Plus, I'm saying that you shouldn't have to have a deal be of the type that requires structuring by people in order to make money. The fact that they are structured by people, and make money, is kind of a semi-coincidence.


The real essence of what makes a deal profitable, is whether you create and apply unique information. You create high-points of information, and of know-how, of knowledge. And I'm saying you could also create these islands using combinations of machines and idiots.


Your profitable structures are profitable, at their core, because they exhibit information-friction characteristics. Everything else is just smoke, mirrors, and ego.


Rather than just homing in on these big complex, like, knots of friction in the economy - and sending a team of my best people to chew up and resolve them in big chunks - I would be a creator of billions of tiny, commoditized knots, out of thin air.


eLROY

02-16-2002, 01:48 PM
I concede, Javelin, I am speaking in very general terms. But the truth is, I do not have any specifics to speak about! I have not been inside of an investment back, or spoken to an investment banker, since I was a teenager.
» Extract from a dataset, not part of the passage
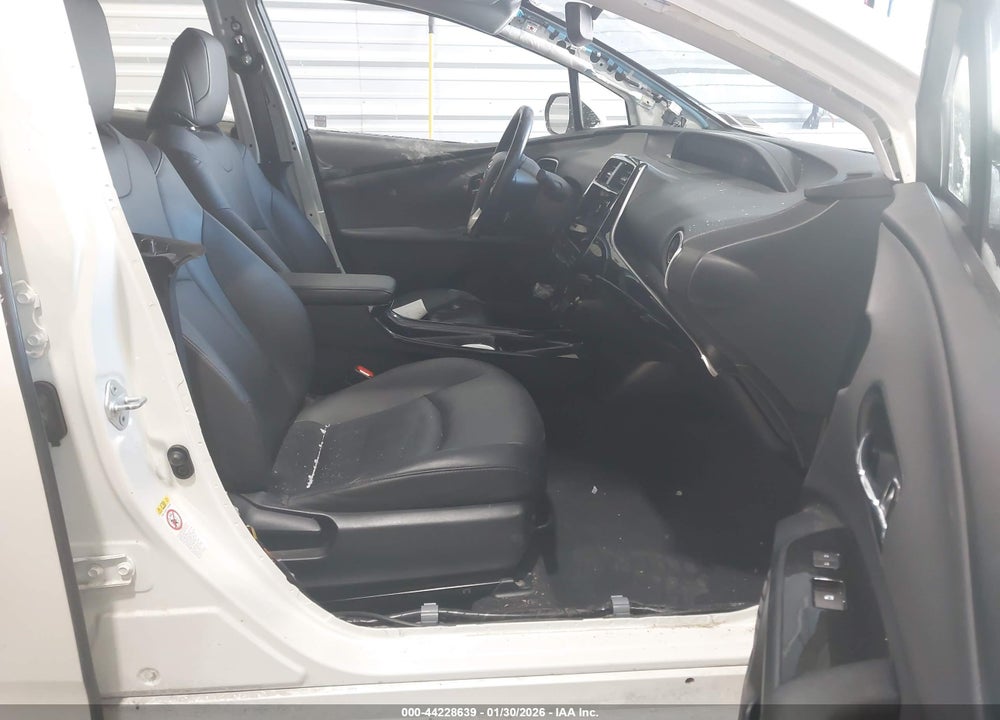 2017 TOYOTA PRIUS FOUR VIN: JTDKARFU0H3032672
I don't mean to offend anyone, but when the World Trade Centers collapsed - and that huge snow of papers and debris collected in drifts - I was actually tempted to do, like, an archeological dig, to learn more about the specific tools and rituals, and social/organizational patterns of the banker, in the year 2001:)
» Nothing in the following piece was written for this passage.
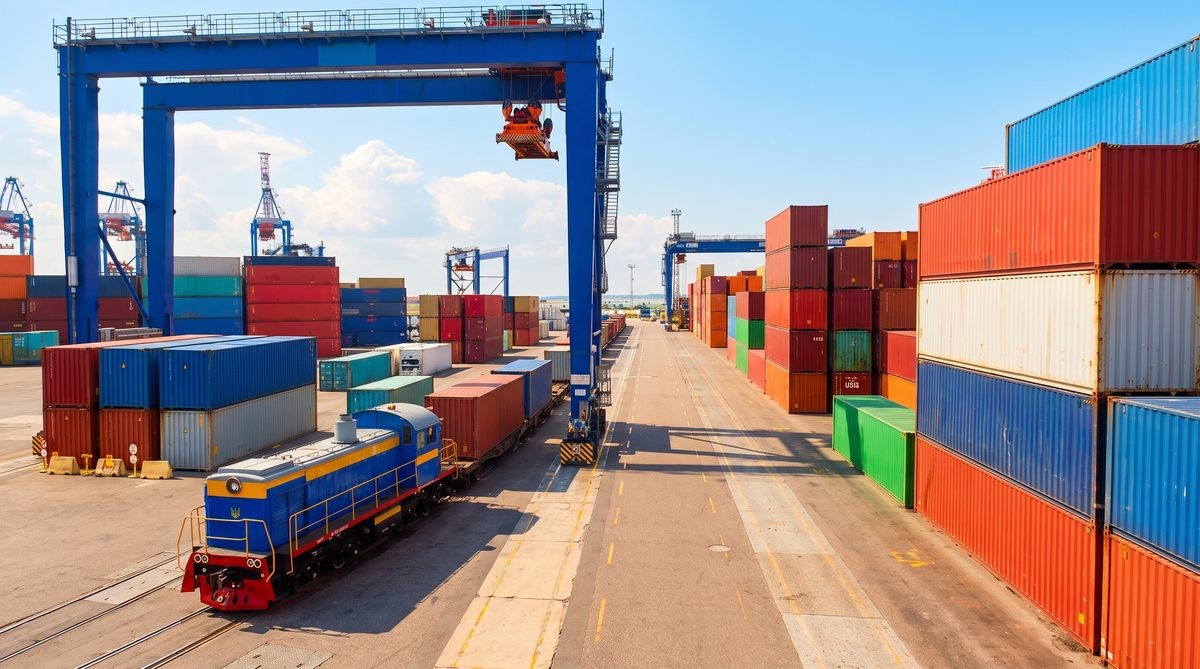 Container service in Odesa port: what's happening and what we're doing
So, I wish I could say "take this guy, and teach him to do this," or "put a screen that looks like this on this guy's computer." Then you could say, "You are wrong, that has been tried, here is the specific problem." But as it is, I would be doomed to be wrong - and would lack any specific material to combat your first comeback - and so my being right on general principles would be unduly discredited as a result.
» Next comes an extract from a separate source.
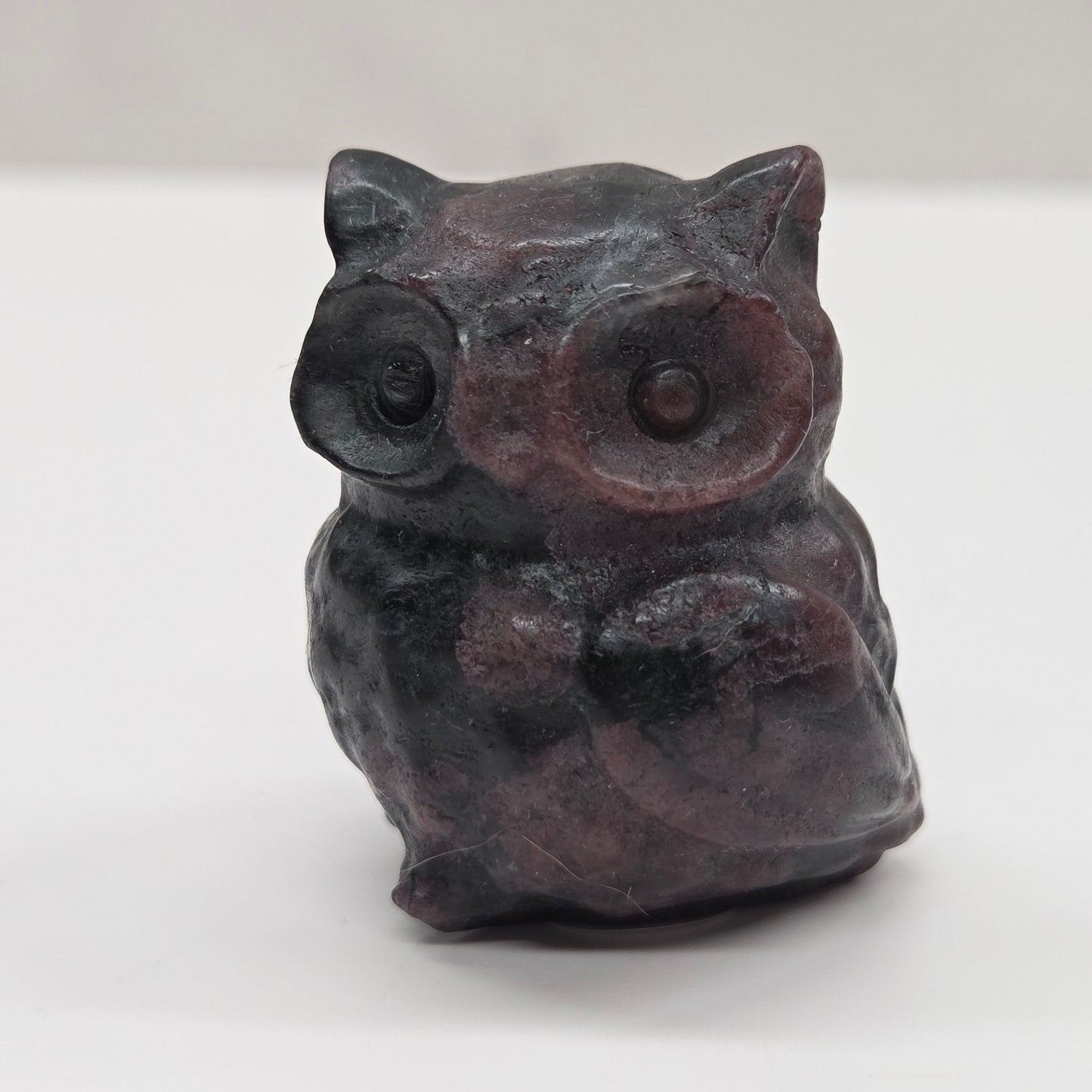 Fancy owl carving (small)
I am convinced there are enormous, unrealized organizational possibilities in finance, and that they could be realized through only the slightest, gradual refinements in the skills and activities of what existing employees are doing today. Put differently, I may paint a cartoon, but if I had the details to fill in, they would be superficially indistingusihable from the details as most people perceive them today. Just move a cup-holder here and there!


What is an even bigger question, in my mind, is why such innovations as I envision haven't been adapted and copied already, in the laboratory of accidents. They would certainly propagate through an instant survival advantage! My suspcicion is that, in the next 10 or 20 years, they will. Already, I am taking note of various organizations whose information topologies seem most likely to evolve into the topologies I envision within the coming years.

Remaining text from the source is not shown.